Mr and Mrs X’s complaint to us

  1. Much of Mr and Mrs X’s remaining dissatisfaction lies with the court proceedings and the Council’s decision to seek a care order. They also remain unhappy about inaccurate records and the content of reports provided to the court. Mr and Mrs X believe the Council’s case to the court was built on lies.
  2. Mr and Mrs X also remained unhappy about the working agreement and whether F’s placement at the special school was 52 or 38 weeks. Mr X provided examples and email evidence which shows F was unable to return to the special school while at home during school holidays because the school refused to accept her. This was on the basis it believed the placement was for 38 weeks only.

My findings

  1. It is not our role to reinvestigate matters which have already been subject to a properly conducted and independent investigation. To do so would not be a good use of public resources. Instead, our role is to consider the following:
    • was the investigation properly conducted and are the conclusions evidence based. If not, would the Ombudsman reach a different view based on the information available to us?
    • did the Council offer a proportionate remedy for the injustice caused by fault? If not, would the Ombudsman recommend any further remedial action?

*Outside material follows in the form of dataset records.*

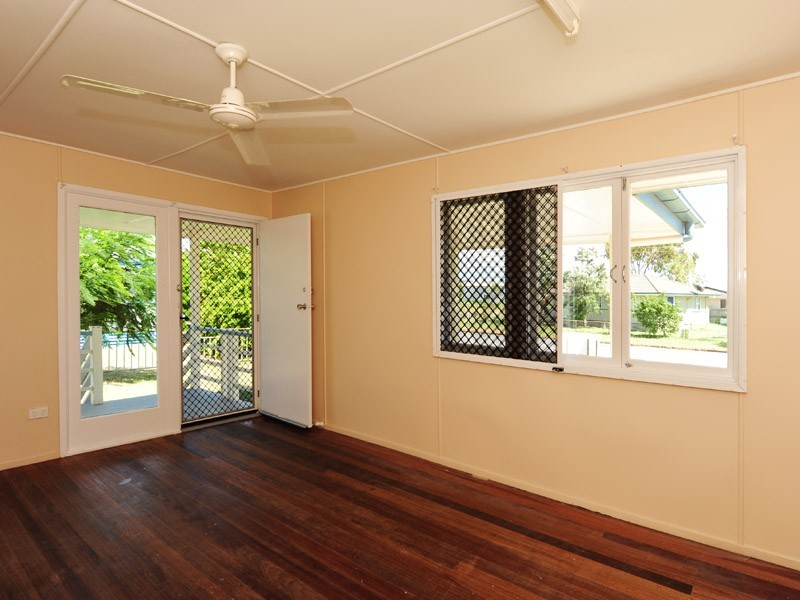 11 Kianga Street, Gladstone QLD 4680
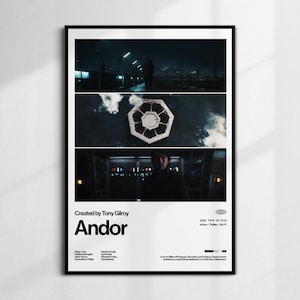以下が含まれることがあります： 映画「Andor」の3つのシーンをフィーチャーしたフレーム入りポスター。ポスターには映画のタイトル、クリエイターの名前、その他のテキストが含まれています。シーンは、暗く工業的な環境と宇宙船を描いています。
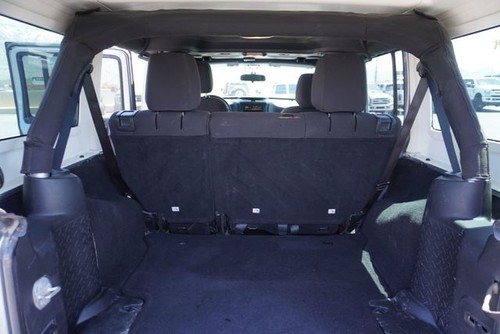 2014 Jeep Wrangler 4WD 4dr Willys Wheeler - Picture 23 of 37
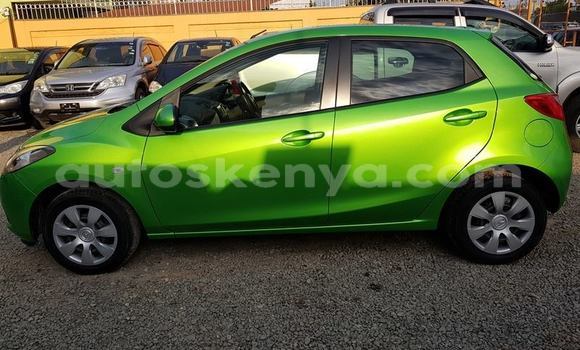Oofamaa Mazda Demio Green Makiinaa iti Chuka keessatti East Kenya keessatti Oofamaa Mazda Demio Green Makiinaa iti Chuka keessatti East Kenya keessatti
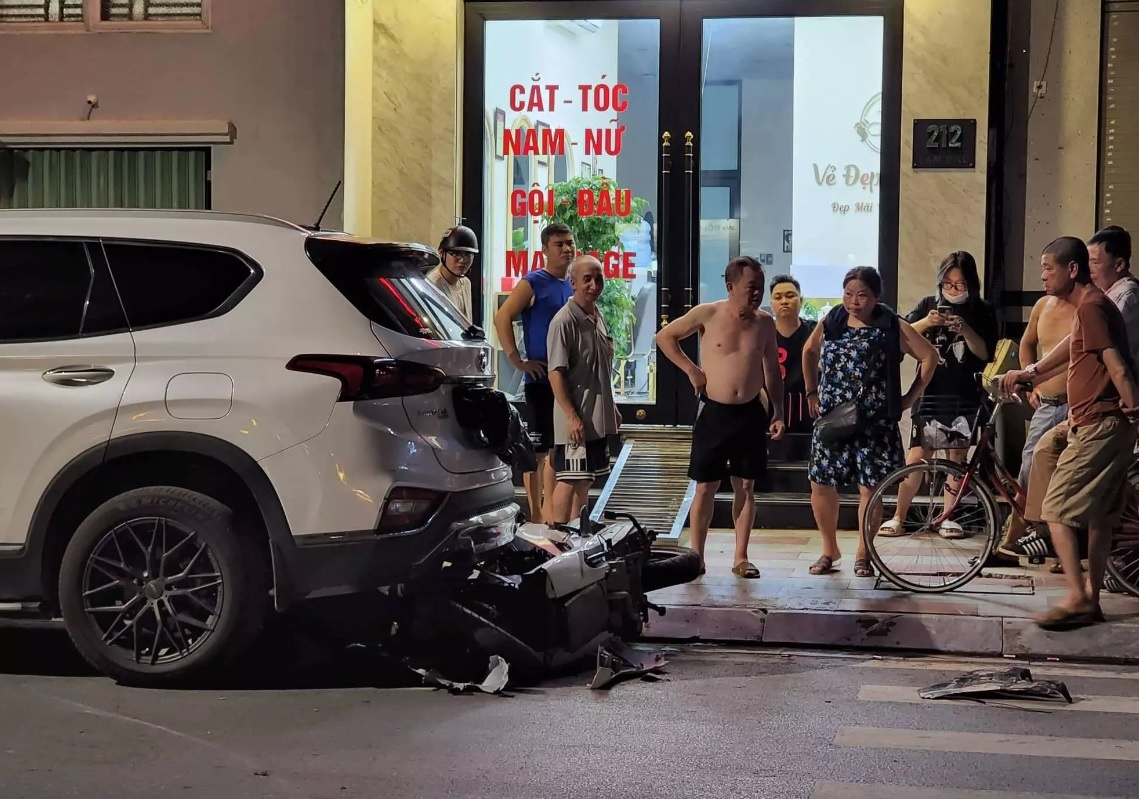 Dam vang loat xe may, lai xe gay tai nan quy goi xin tha thu hinh anh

    • has the Council fully implemented any agreed remedy? If not, has the delay caused any further injustice to the complainant?
  2. The stage 2 investigation and stage 3 panel review were properly conducted, albeit for the delays which have already been remedied by us in previous investigations. The IO reviewed and considered relevant information, spoke to Mr and Mrs X and carried out interviews with social workers. The IP raised no concerns and agreed with the IO’s findings and conclusions. The stage 3 panel independently considered Mr X’s concerns. There was no fault in the how the Council considered the complaints so I accept the findings.

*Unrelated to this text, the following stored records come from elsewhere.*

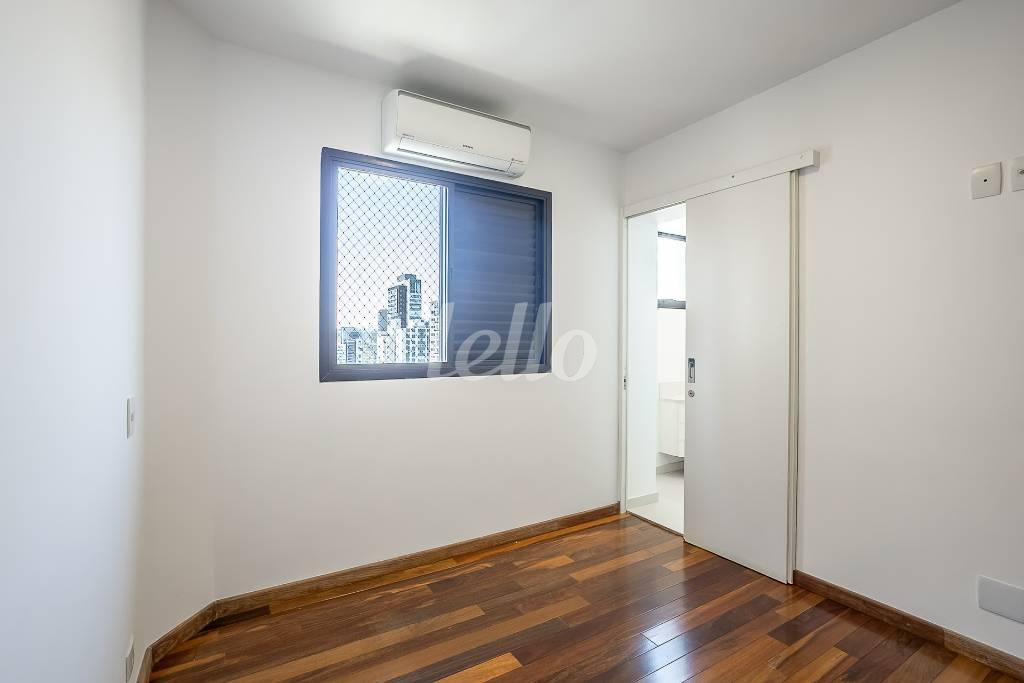 SUITE 2 de Apartamento para alugar, Padrão com 280 m², 3 quartos e 4 vagas em Indianópolis - São Paulo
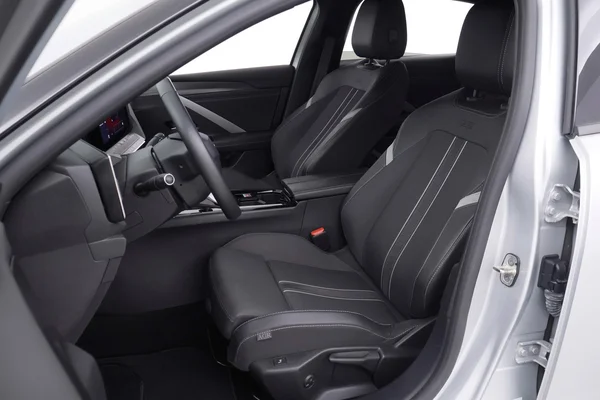 Opel Astra (2024) — foto 4 van 54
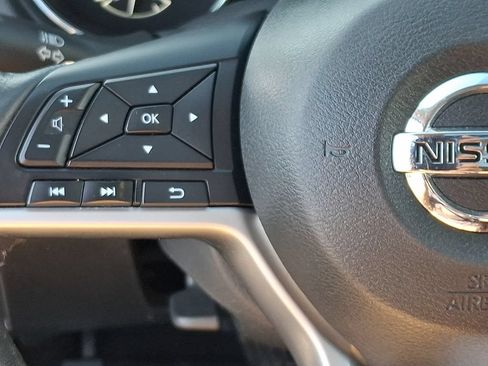 Used 2017 Nissan Rogue SV AWD/4WD image 21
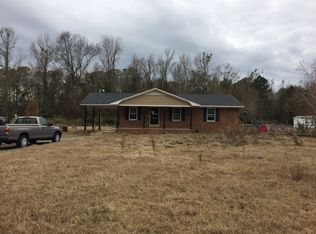 5411 Callie Yound Rd, Effingham, SC 29541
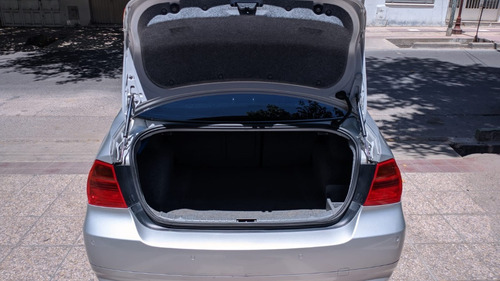 Imagen 5 de 20 de Bmw 323i Sedan Active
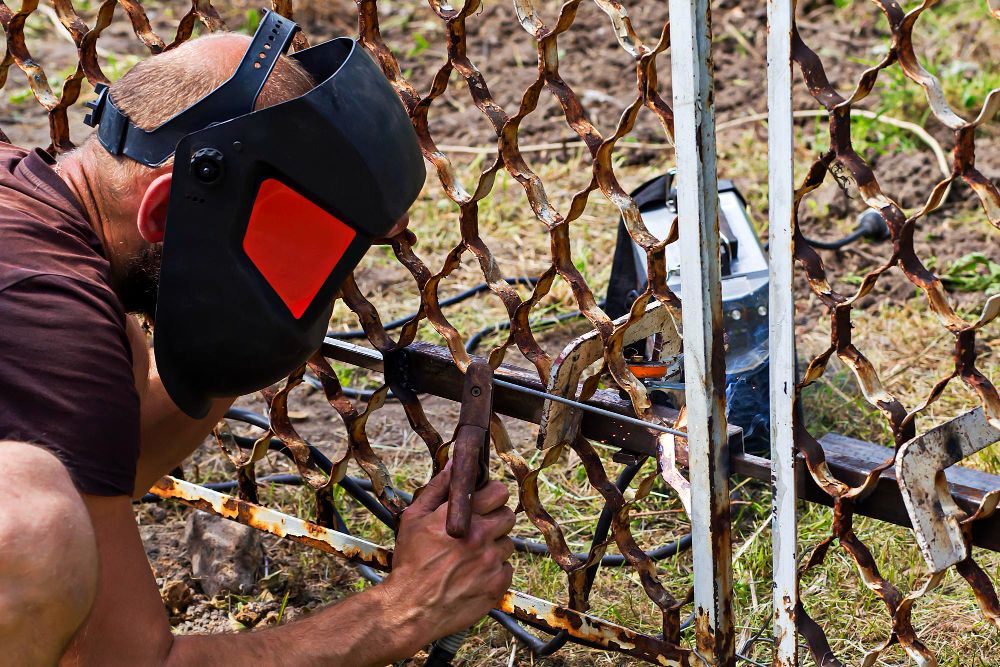 The Cost of Fence Repair in Orlando, FL: What Homeowners Should Expect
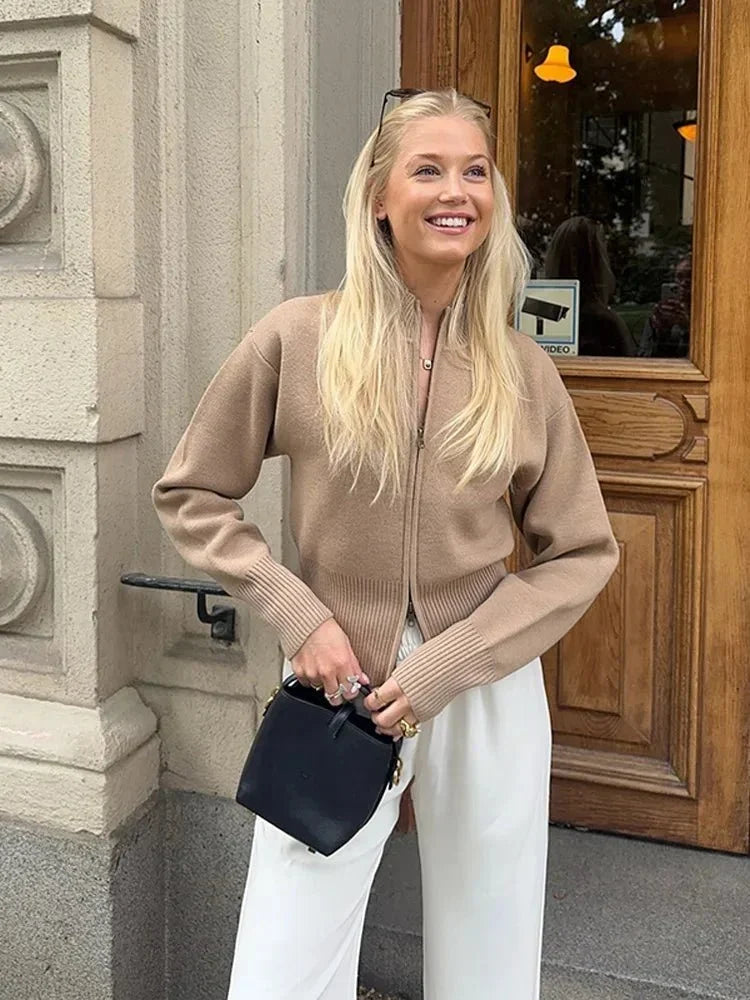 Cardigans & Pullovers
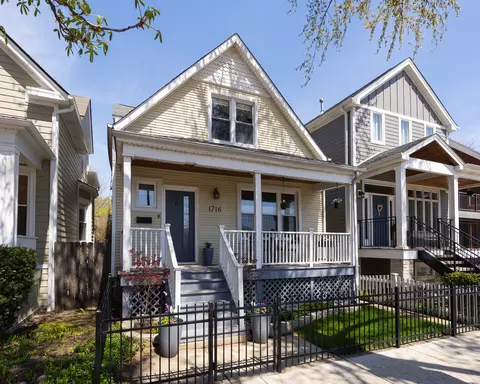 1716 W Winnemac Ave, Chicago, IL 60640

  3. The complaints process identified the Council was at fault in how it communicated the commissioning arrangements for F’s placement at the special school and for inaccuracies in documents. The IO made recommendations which the Council properly considered and acted upon where needed. It was not at fault in how it responded to the recommendations.
  4. However, the Council did not offer a personal remedy to Mr and Mrs X to address the injustice stemming from the faults. The inaccurate records caused Mr and Mrs X avoidable frustration. The Council’s poor communication on the arrangements for F’s school placement meant there were instances during holiday periods where F wanted to return to the school but could not. This caused Mr and Mrs X distress and uncertainty. The Council was at fault for failing to make a suitable remedy for that injustice.
  5. I acknowledge Mr and Mrs X disagree with most of the findings, specifically around the Council’s motives for beginning the court case and the information and reports presented to the courts. However, as there is no fault with how the Council carried out the investigation, I cannot question the Council’s conclusions. We also cannot investigate complaints about the start of court action or what happened in court. So, further investigation would not achieve anything further.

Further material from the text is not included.